Some of the defaults used by SarCheck's rules have been overridden using the sarcheck_parms file /opt/sarcheck/etc/sarcheck_parms. See the Custom Settings section of the report for more information.

Based on a switch setting or parms file entry, the analysis will treat this system as a server and not a desktop.

RECOMMENDATIONS SECTION

All recommendations apply to 'lindev' operating system 2.6.18-194.el5. These recommendations contained in this report are based solely on the conditions which were present when the performance data was collected. It is possible that conditions which were not present at that time may cause some of these recommendations to result in worse performance. To minimize this risk, analyze data from several different days and implement only regularly occurring recommendations.

Change the virtual memory parameter 'swappiness' from 60 to 70. This controls the systems likelihood of swapping out memory pages which have not been recently used. Larger values will swap out unused pages of memory, speeding the time required to load new pages into memory.

To change the value of swappiness immediately as described, use the following command:

    sysctl -w vm.swappiness="70"

If you are able to make this change and it improves performance, you can make the change permanent by adding the command to the /etc/sysctl.conf file.

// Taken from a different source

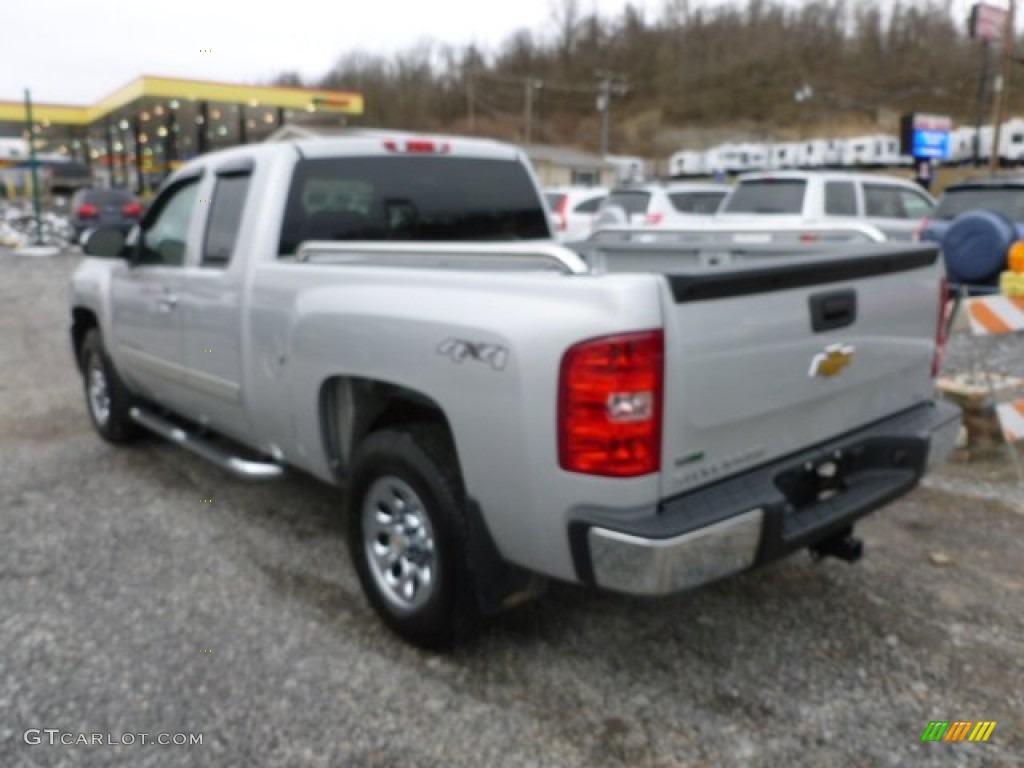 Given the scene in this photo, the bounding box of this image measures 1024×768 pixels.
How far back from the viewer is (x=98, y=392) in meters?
5.90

Try to balance the disk I/O load across time or among other disk devices. The load on at least one disk was clearly excessive at peak times. By distributing the load over a greater time period or across other disk devices, the load will not be as likely to cause performance degradation.

RESOURCE ANALYSIS SECTION

Average system-wide CPU utilization was only 10.0 percent. This indicates that spare CPU capacity exists. If any performance problems were seen during the monitoring period, they were not caused by a lack of CPU power. Overall CPU utilization peaked at 42.96 percent from 01:20:01 to 01:30:01. A CPU upgrade is not recommended because the current CPUs had significant unused capacity. Average CPU utilization of niced processes was 3.3 percent. If the niced processes have had their priorities reduced enough, they will not cause performance degradation of processes running at their normal priorities. On a busy system, niced processes may take a really long time to run. If the niced processes are actually running at a higher priority than other processes, they can still cause performance degradation.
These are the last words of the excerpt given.